Sec. 3. Minnesota Statutes 1984, section 475.66,
subdivision 1, is amended to read:
Subdivision 1. All debt service funds shall be deposited
and secured as provided in chapter 118, except for amounts
invested as authorized in this section, and may be deposited in
interest bearing accounts, and such deposits may be evidenced by
certificates of deposit with fixed maturities. Sufficient cash
for payment of principal, interest, and redemption premiums when
due with respect to the obligations for which any debt service
fund is created shall be provided by crediting to the fund the
collections of tax, special assessment, or other revenues
appropriated for that purpose, and depositing all such receipts
in a depository bank or banks duly qualified according to law or
investing and reinvesting such receipts in securities authorized
in this section. Time deposits shall be withdrawable and
certificates of deposit and investments shall mature and shall
bear interest payable at times and in amounts which, in the
judgment of the governing body or its treasurer or other officer
or committee to which it has delegated investment decisions,
will provide cash at the times and in the amounts required for
the purposes of the debt service fund, provided however, that
the governing body may authorize the purchase of longer term
investments subject to an agreement to repurchase such
investments at times and prices sufficient to yield the amounts
estimated to be so required. Repurchase agreements may be
entered into with a bank qualified as depository of money held
in the debt service fund, or with any national or state bank in
the United States which is a member of the federal reserve
system and whose combined capital and surplus equals or exceeds
$10,000,000, or a primary reporting dealer in United States
government securities to the federal reserve bank of New York.
Sec. 4. Minnesota Statutes 1984, section 475.66,
subdivision 3, is amended to read:
Subd. 3. Subject to the provisions of any resolutions or
other instruments securing obligations payable from a debt
service fund, any balance in the fund may be invested
(a) in any security which is a direct obligation of or is
guaranteed as to payment of principal and interest by the United
States or any agency or instrumentality of the United States
governmental bonds, notes, bills, mortgages, and other
securities, which are direct obligations or are guaranteed or
insured issues of the United States, its agencies, its
instrumentalities, or organizations created by an act of
Congress,
(b) in shares of an investment company registered under the
federal investment company act of 1940, whose shares are
registered under the federal securities act of 1933, and whose
only investments are in securities described in the preceding
clause,
(c) in any security which is a general obligation of the
state of Minnesota or any of its municipalities,
(d) in bankers acceptances of United States banks eligible
for purchase by the Federal Reserve System, or
(e) in commercial paper issued by United States
corporations or their Canadian subsidiaries that is of the
highest quality and matures in 270 days or less.
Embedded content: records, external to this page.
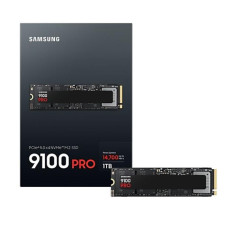 Накопичувач SSD Samsung M.2 1TB PCIe 5.0 9100PRO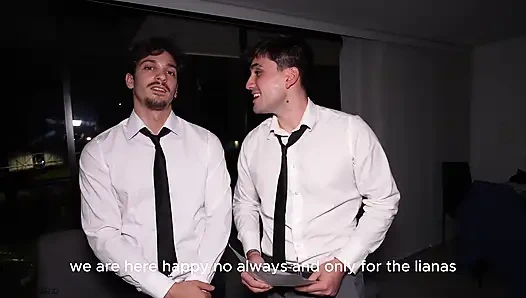 Wawancara dengan Le Iane untuk Jade Mercury - Penetrasi Ganda - Ep.11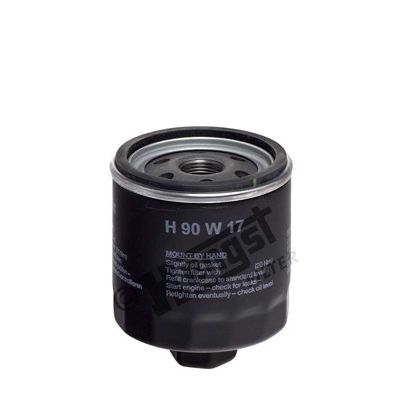 Масляный фильтр HENGST H90W17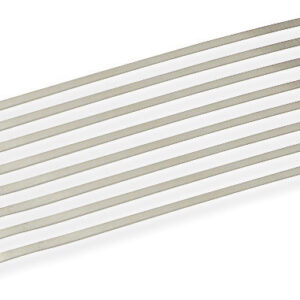 S.S. Locking Ties 8in.-8pk. DSN10201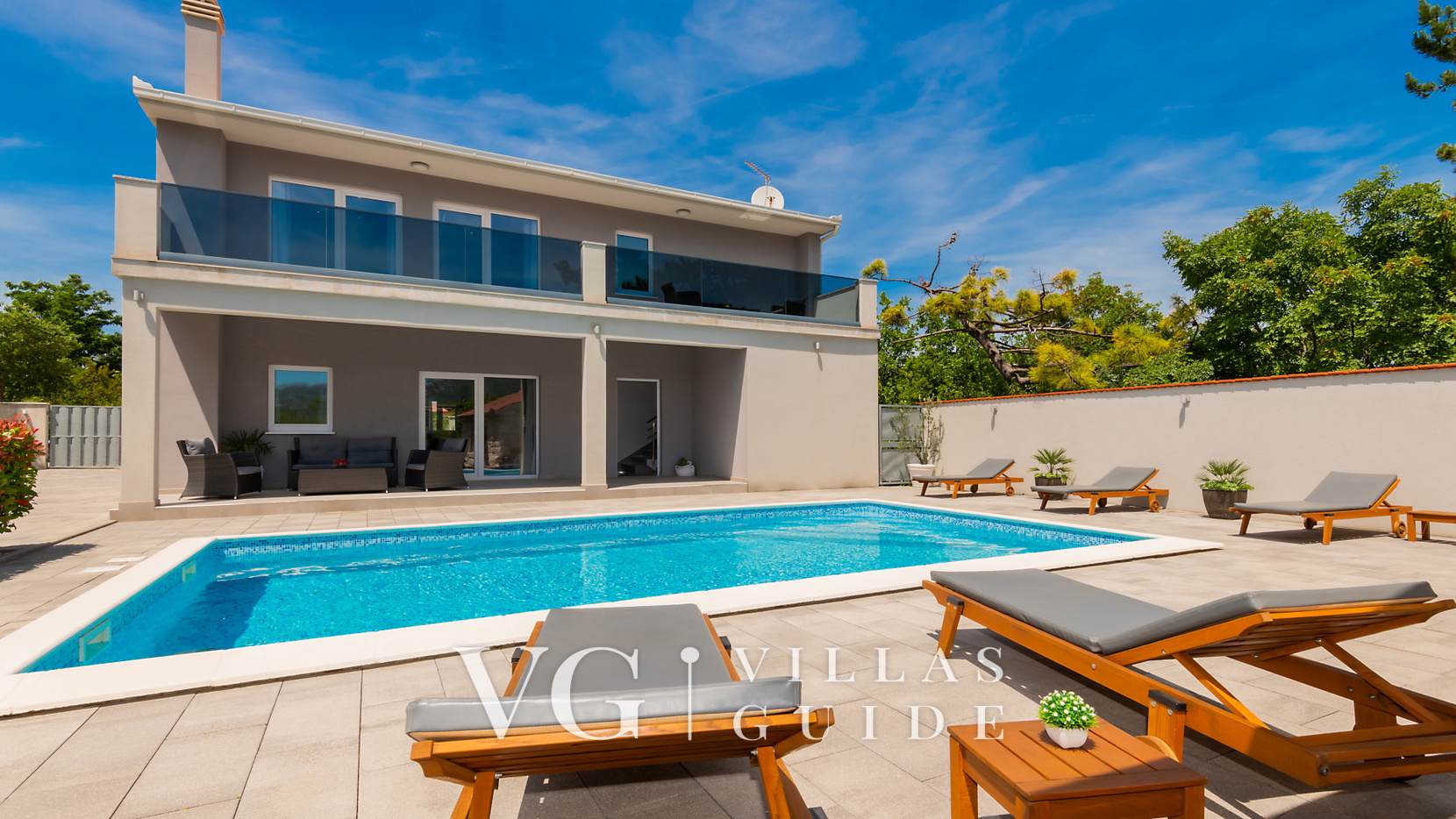 Villa Ivanova - Makarska-Zadvarje Pool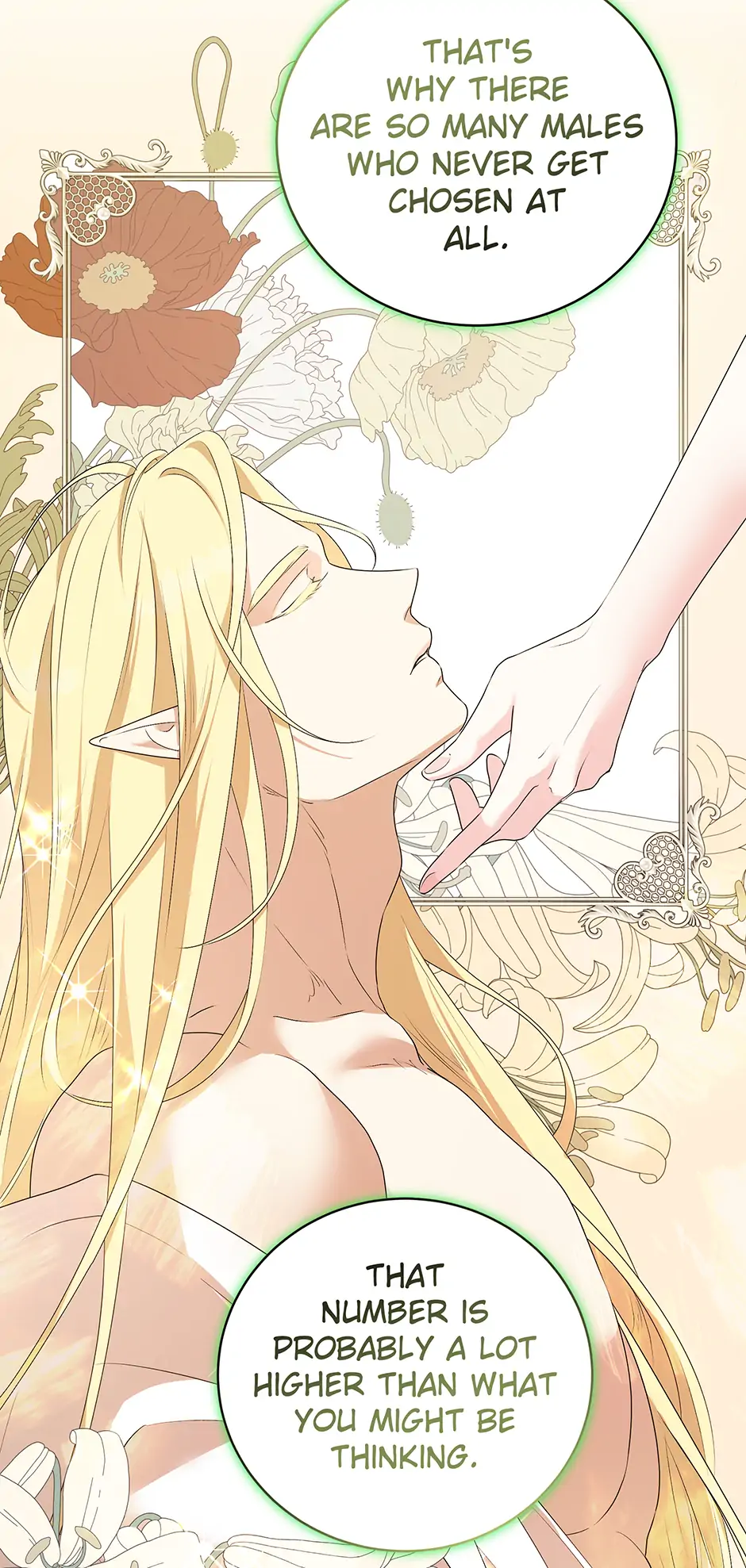 At The End Of The Hidden Greenery Chapter 26 - page 45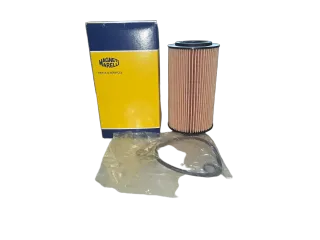MAGNETI MARELLI OELFILTER 152071758815 FILTEREINSATZ F�R MERCEDES-BENZ C KLASSE - Bild 1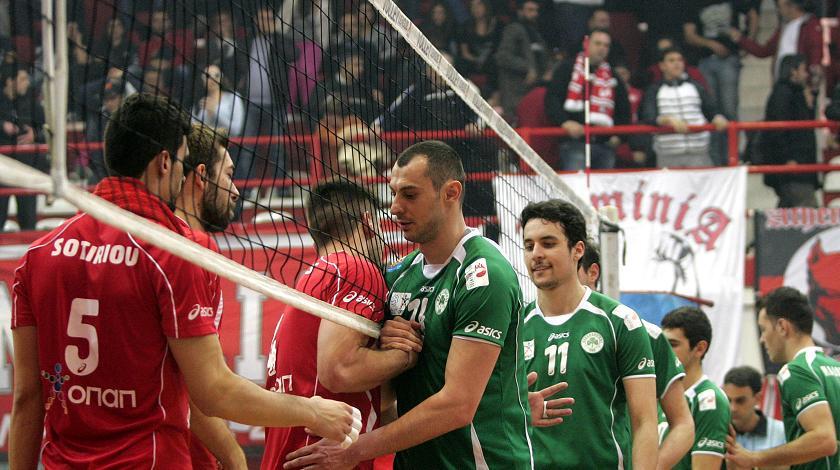 «Αυτά τα ματς πάντα είναι ντέρμπι»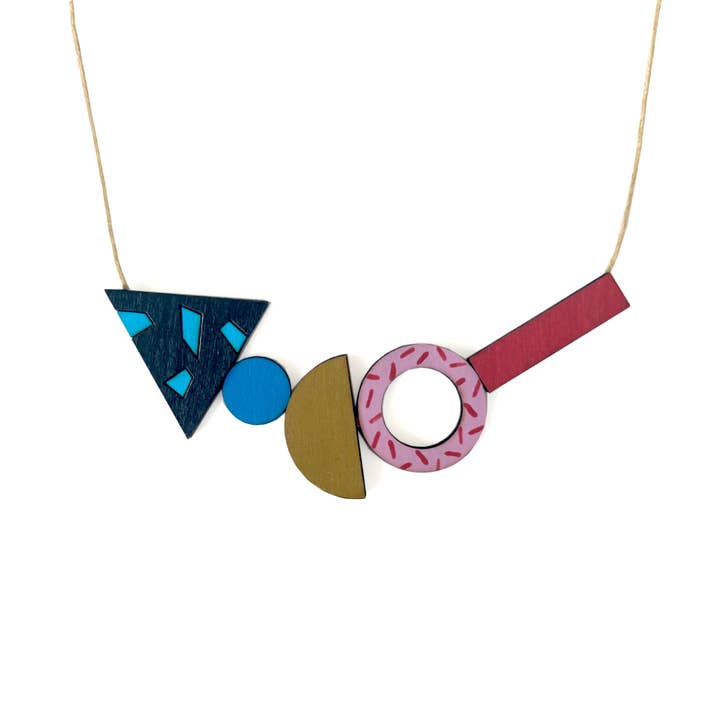 Halskette Ksenia für den Großhandel von Studio Mali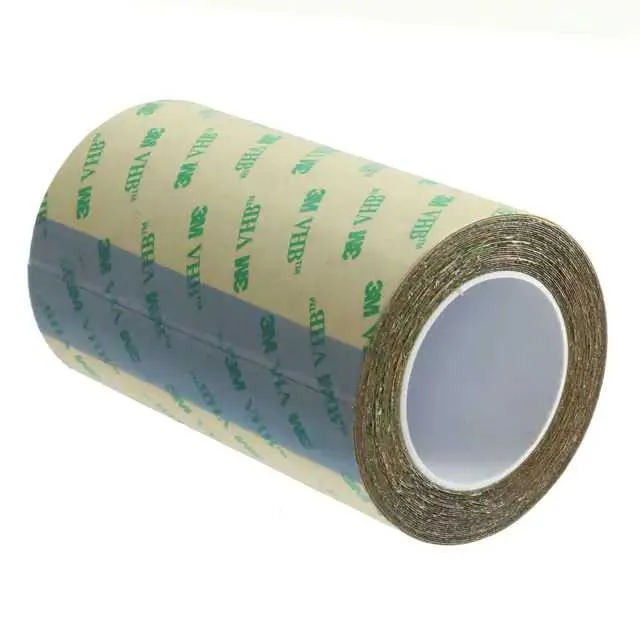 4-5-F9473PC (TAPE ADHSV TRNSFR CLEAR 4X 5YDS")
The fund may also be used to purchase any obligation,
whether general or special, of an issue which is payable from
the fund, at such price, which may include a premium, as shall
be agreed to by the holder, or may be used to redeem any
obligation of such an issue prior to maturity in accordance with
its terms. The securities representing any such investment may
be sold or hypothecated by the municipality at any time, but the
money so received remains a part of the fund until used for the
purpose for which the fund was created.
Sec. 5. Minnesota Statutes 1984, section 475.76,
subdivision 1, is amended to read:
Subdivision 1. A reverse repurchase agreement may be
entered into by a municipality, subject to the provisions of
this section, only with a bank qualified as depository of funds
of the municipality, or with any national or state bank in the
United States which is a member of the federal reserve system
and whose combined capital and surplus equals or exceeds
$10,000,000, or with a primary reporting dealer in United States
government securities to the federal reserve bank of New York.